* Extracted records
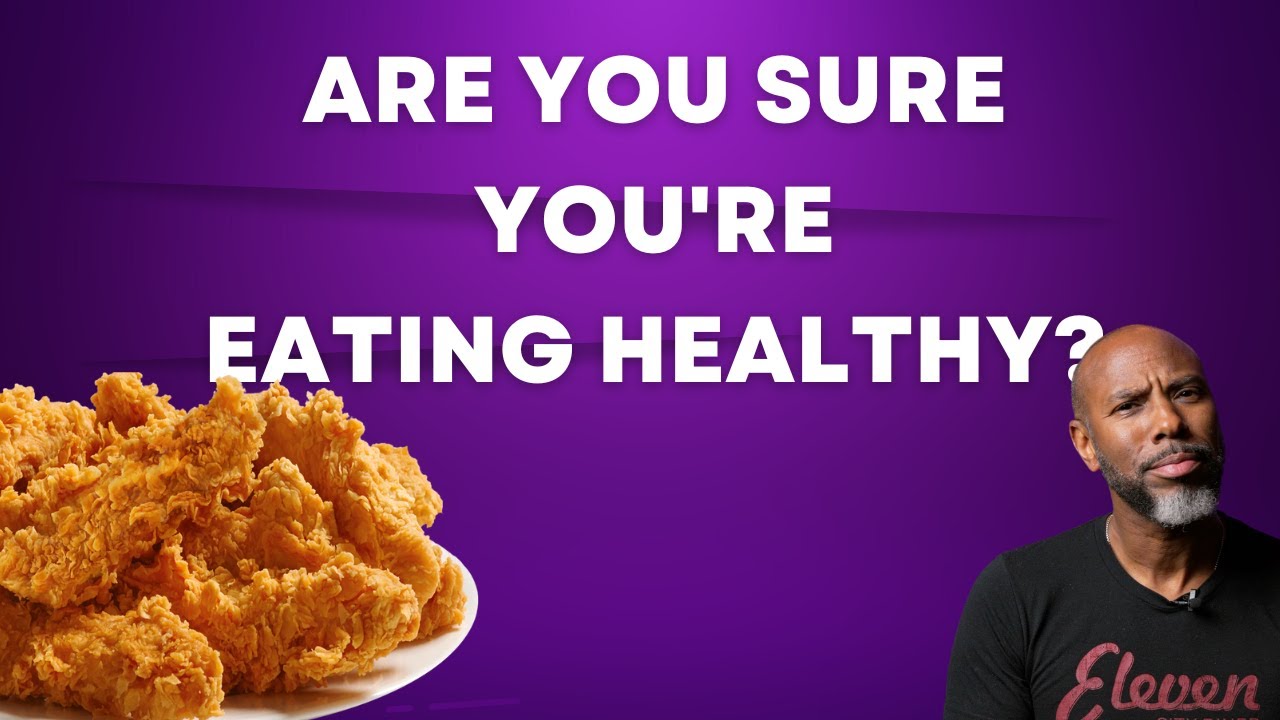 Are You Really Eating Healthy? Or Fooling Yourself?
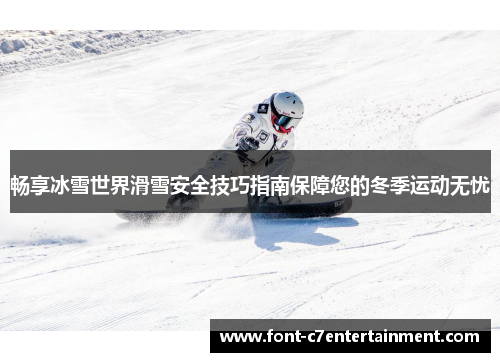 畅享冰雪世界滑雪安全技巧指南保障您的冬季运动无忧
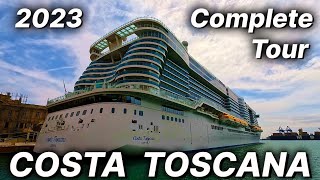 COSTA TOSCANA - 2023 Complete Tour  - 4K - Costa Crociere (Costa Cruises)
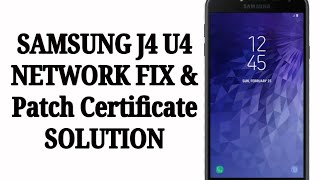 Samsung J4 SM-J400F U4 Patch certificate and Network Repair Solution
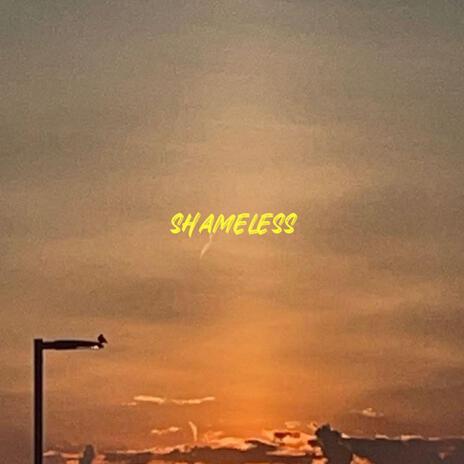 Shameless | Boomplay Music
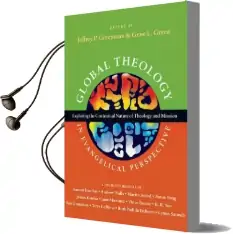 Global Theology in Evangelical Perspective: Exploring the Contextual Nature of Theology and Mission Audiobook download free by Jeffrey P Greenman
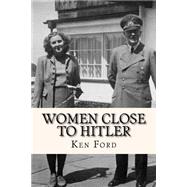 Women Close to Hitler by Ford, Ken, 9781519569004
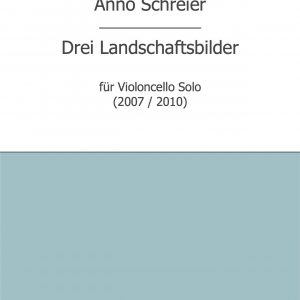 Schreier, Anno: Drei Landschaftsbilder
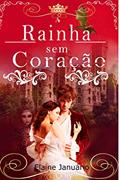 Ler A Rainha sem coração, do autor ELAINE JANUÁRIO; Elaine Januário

* Exercise details
What is needed is an exact copy of all the entries above, minus the pictures.

* Output below
 Are You Really Eating Healthy? Or Fooling Yourself?
 畅享冰雪世界滑雪安全技巧指南保障您的冬季运动无忧
 COSTA TOSCANA - 2023 Complete Tour  - 4K - Costa Crociere (Costa Cruises)
 Samsung J4 SM-J400F U4 Patch certificate and Network Repair Solution
 Shameless | Boomplay Music
 Global Theology in Evangelical Perspective: Exploring the Contextual Nature of Theology and Mission Audiobook download free by Jeffrey P Greenman
 Women Close to Hitler by Ford, Ken, 9781519569004
 Schreier, Anno: Drei Landschaftsbilder
 Ler A Rainha sem coração, do autor ELAINE JANUÁRIO; Elaine Januário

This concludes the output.